3 min read

🐰 Patagonia and the mythology of doing good

🐰 Patagonia and the mythology of doing good
Photo by Adam Nir / Unsplash

I dutifully avoided the subject a few weeks ago when everyone was head over heels as Patagonia's founder, Yvon Chouinard, announced he would "give away" his company to fight the climate crisis.

Yvon Chouinard Donates Patagonia to Fight Climate Crisis
Earth is now our only shareholder. Patagonia is giving away all future profits to fight the climate and extinction crisis. All profits are now the planet’s.
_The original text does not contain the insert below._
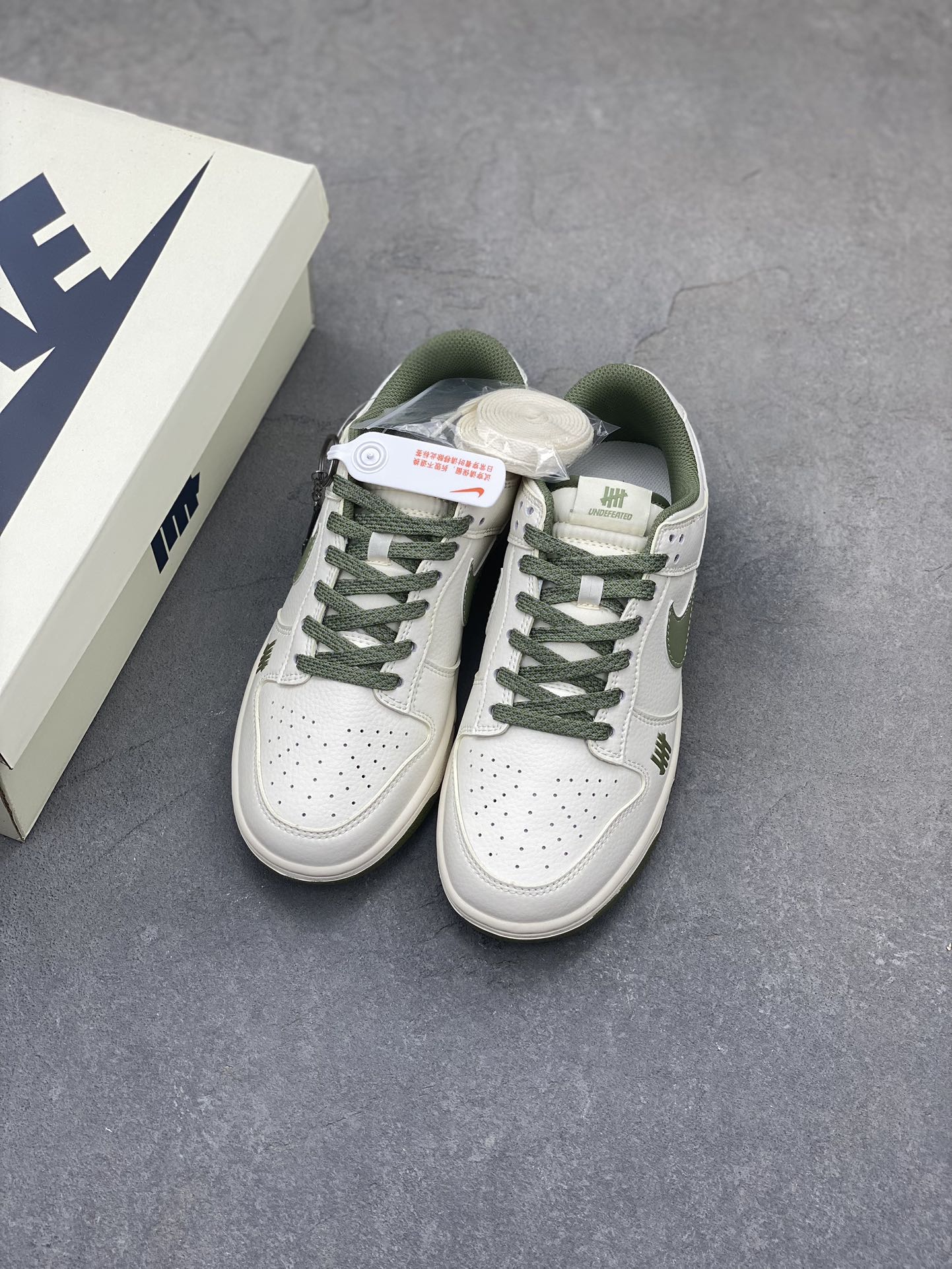 Nike SB Dunk Low UN Anniversary Custom Casual Sneakers - Limited Edition 9 i1724011481 3538 0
What kind of soulless monster would you need to be to find anything negative to say about this?

Hold my beer...

I am always shocked that we now have to accept that, in many cases, 'doing good' depends on the whim of ultra-wealthy individuals. And this is not on my part a right or left political debate. I'm running a modest yet very much for-profit business that has been helping others for a decade and a half other for-profits to get better market shares, increased revenues, and improved survivability. But whether you are in the U.S. or Europe, we end up having the same setup where the larger the company, the more it can (legally) escape taxes. Taxes are designed to help run our society and provide the common good.
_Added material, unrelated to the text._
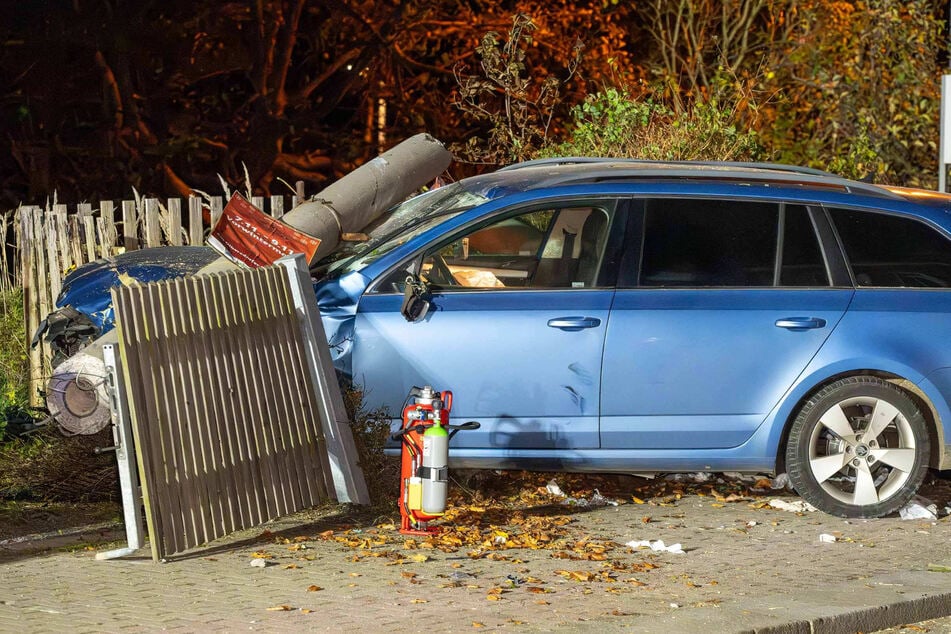 Offenbar kam der Skoda nach dem Unfall von der Straße ab.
In impeccable words of Ray D. Madoff, professor of Law at Boston College Law School:

We are letting people opt out of supporting all the expenses of government to do whatever they want with their money. This is highly problematic from the point of view of democracy, and it can mean a higher tax burden for the rest of Americans.

And you might think, OK, but still, what Chouinard is doing is remarkable. And it is, indeed, if only in terms of fiscal engineering. If you read all the fine print, you will realize that Chouinard is not giving away the company. He's not giving away his shares to his employees either or stopping the production of outdoor apparel altogether. He's transferring his family's voting stock to a trust that will keep tight management on the business. One of the key reasons being that this transfer shields Patagonia from an estimated $700 million tax would he have transferred this $3B corporation to his kids.
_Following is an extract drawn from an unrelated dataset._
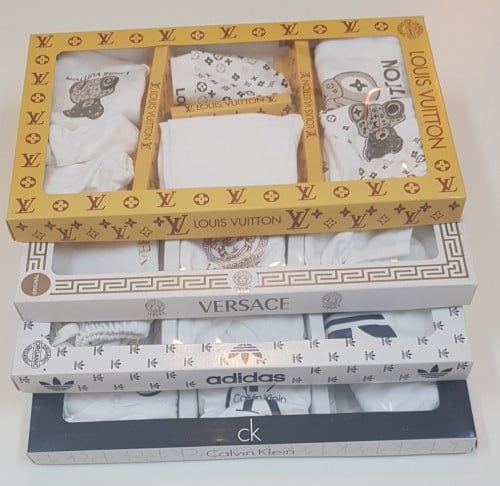 اطقم مواليد مميزة (عدة قطع)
These are $700 million that would have helped healthcare, veterans, public schools, road infrastructure, renewable energies, and so much more under the leadership of democratically elected decision-makers and civil-servant experts. If the public system certainly has many embedded inefficiencies, it has a unique quality. It's tied to the whims and view of the world of a single individual. If you want a better role model, maybe pick MacKenzie Scott (ex-Jeff Bezos wife and let's say it clearly: de facto co-founder of Amazon)? She is spending her fortune without broadcasting much –if anything– and donating without trying to juggle tax legislation or pumping a public stock.

I have the utmost respect for amazingly successful entrepreneurs, even more, when they try to have positive impacts while doing business. But in the end, let's not be naive. This is about doing business. And I feel that the "doing good" narrative has its limits.

Like the famous Patagonia ad, "Don't buy this jacket, Β I never could prevent from thinking that maybe the best way to make sure that one would buy it would have been not to start a retail company, to begin with.

But, hey, I might be a soulless monster after all.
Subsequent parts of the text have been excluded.